Member of the New Hampshire House of Representatives
- In office 1965–1966

Personal details
- Born: Luther Benson Pennington Jr. December 16, 1921 Plattsburgh, New York, U.S.
- Died: October 22, 2014 (aged 92) Lexington, Kentucky, U.S.
- Party: Republican
- Alma mater: Boston University School of Theology
- Occupation: United Methodist pastor

= Luther Pennington =

American United Methodist pastor and politician

Luther Benson Pennington Jr. (December 16, 1921 – October 22, 2014) was an American United Methodist pastor and politician. A member of the Republican Party, he served in the New Hampshire House of Representatives from 1965 to 1966.

== Life and career ==
Pennington was born in Plattsburgh, New York, the son of Luther Benson Pennington Sr. and Dovie Castleberry.

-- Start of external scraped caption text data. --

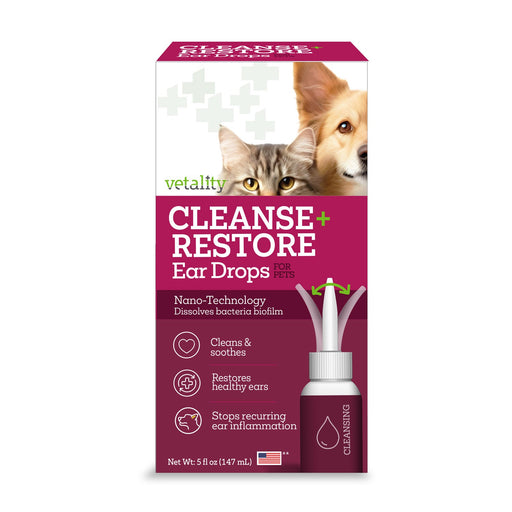 Vetality Cleansing Restore Ear Drops for Pets – Ear Health Maintenance & Prevention - TVB3Y - 5 fl oz - 1 ct - 1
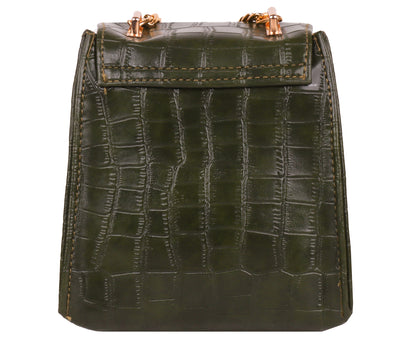 Miss Croco Vegan Leather Animal Skin Sling Bag - Green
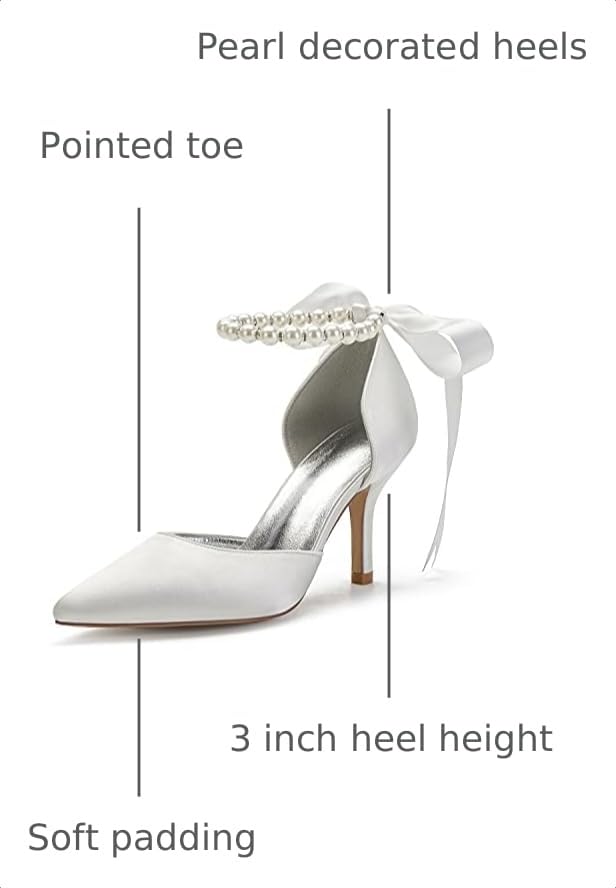 Image of Women's Pearl White Wedding Shoes for Bride High Heels Pointed Toe Bridal Shoes Satin Prom Party Dress Pumps Sandals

He served in the armed forces during World War II, which after his discharge, he attended Boston University School of Theology, graduating in 1963. After graduating, he was ordained an elder in the New Hampshire Conference in 1964.

Pennington served in the New Hampshire House of Representatives from 1965 to 1966. After his service in the House, he served as a United Methodist pastor at several churches from 1966 to 1987.

== Death ==
Pennington died on October 22, 2014, at the Sayre Christian Village Healthcare Center in Lexington, Kentucky, at the age of 92.